Jay Glazer of FoxSports.com reported Friday evening that the New Orleans Saints and Sean Payton have agreed in principle to a contract extension.

And just like that, the NFL’s hiring season had begun.

Payton leaving always seemed like a longshot, but it’s no coincidence that the news was announced just three days before teams around the league started firing their coaches. The Saints would have been making a huge mistake if they let Payton test the open market. The one team he had most often been linked to was the Cowboys. But Glazer also reports that Jason Garrett will be back in Dallas in 2013.

Meanwhile, there figures to be some serious competition and posturing next week as nearly one-third of the league’s jobs could potentially be up for grabs.

The rumors about who could potentially replace Andy Reid continue to swirl. Albert Breer of NFL Network hears that University of Washington head coach Steve Sarkisian could be an option for the Eagles. Sarkisian has spent the last four seasons as head coach of the Huskies. Prior to that, he was an assistant with USC for seven seasons and also spent one year (2004) as the quarterbacks coach of the Oakland Raiders.

One other name we’ve written about previously in this space is Penn State’s Bill O’Brien. While it seems unlikely that O’Brien will leave Happy Valley, the door is not shut completely. Adam Caplan reports that teams have begun research on O’Brien’s contract and buyout:

This situation may go nowhere, especially based on the buyout and how much money he’ll earn over the length of the contract. However, with the dearth of quality head-coaching candidates available, it wouldn’t be surprising if some teams showed interest in O’Brien over the next week or so.

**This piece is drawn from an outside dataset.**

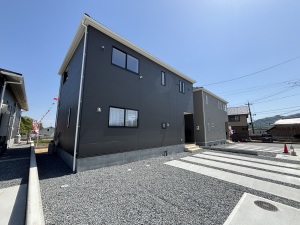 【新築】東広島市八本松飯田4丁目　No.2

Several names to keep an eye on, and likely several openings to be announced as soon as Monday.


Reid said he’s had no discussions with Jeffrey Lurie this week.

I felt like rambling yesterday, so the Week 17 cheat sheet offers 10 thoughts on the state of the Eagles.

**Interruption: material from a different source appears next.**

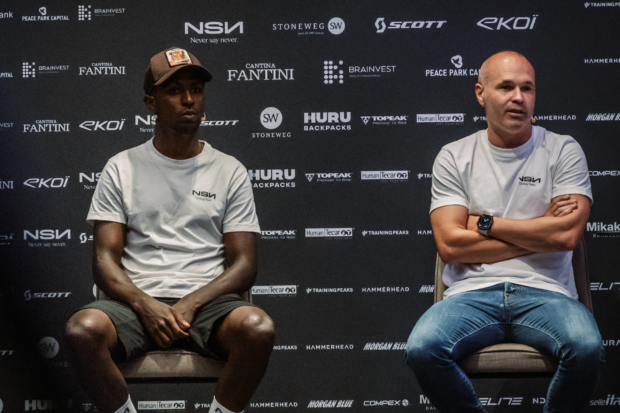 'El ciclismo es más duro que el fútbol': la leyenda del fútbol español Andrés Iniesta no está en la Copa del Mundo sino en el Tour de Francia, ya que su objetivo es hacer de NSN un equipo que 'los aficionados puedan amar'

The Birds’ assistant coaches also face an uncertain future, Tim writes.


ESPN’s Adam Schefter offers his take on Reid:

Reid’s selection of assistant coaches contributed to his downfall. Philadelphia struggled to replace legendary defensive coordinator Jim Johnson, and when the Eagles attempted to do it with offensive line coach Juan Castillo, they created issues in other areas.

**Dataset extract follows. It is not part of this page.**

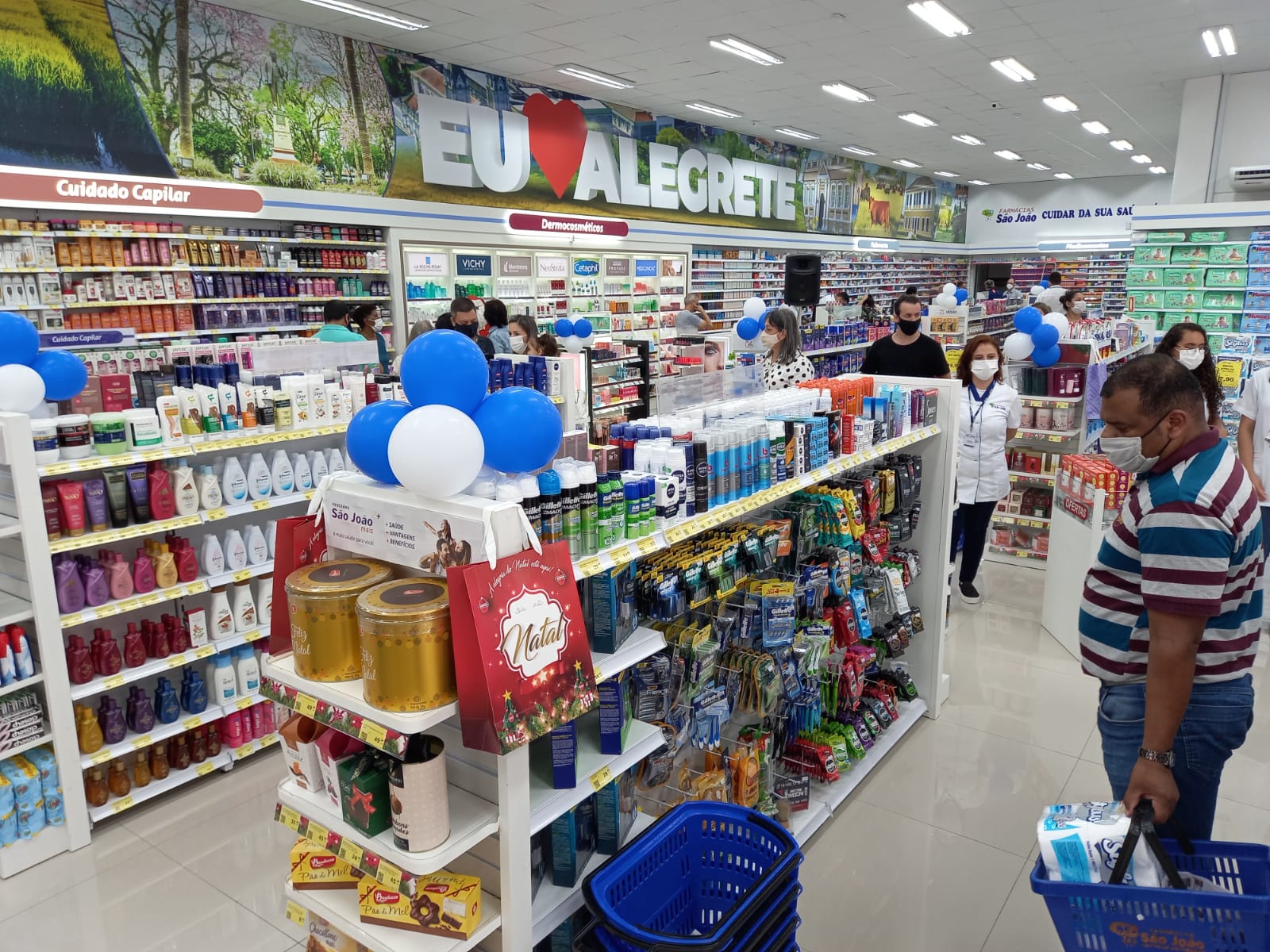 Rede de Farmácias São João inaugura duas lojas em Alegrete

Yet with a record of 130-92-1, Reid goes down as a Philadelphia sports legend, as unappreciated as he was underrated. Reid, 54, wants to coach next season, and he undoubtedly will draw interest. But some around the league are hoping that Reid takes a year off to spend time with his family, recharge his battery, study the game and return with a passion in 2014.

One of the better national columns you’ll see on Reid, from SI.com’s Michael Rosenberg:

Reid has had 14 years to end this drought. He came achingly close. In 2005, the Eagles lost the Super Bowl to the Patriots by a field goal. Reid has taken the Eagles to five conference championship games. To understand how impressive that is, consider: Bill Belichick has made six conference championship games. Tony Dungy made three. If this were college basketball, we would say that Reid took the Eagles to five Final Fours.

And yet, Reid was never really enough for Philly. I don’t just mean his record, though lately that has not been enough. I mean him. Fans and reporters want Reid to reveal himself. They want visible passion on the sideline on Sundays and audible emotion in press conferences on Mondays. They want Rex Ryan. Or at least Buddy Ryan. Or Dick Vermeil.


No media availability as the Eagles make final preparations for Sunday’s game against the Giants.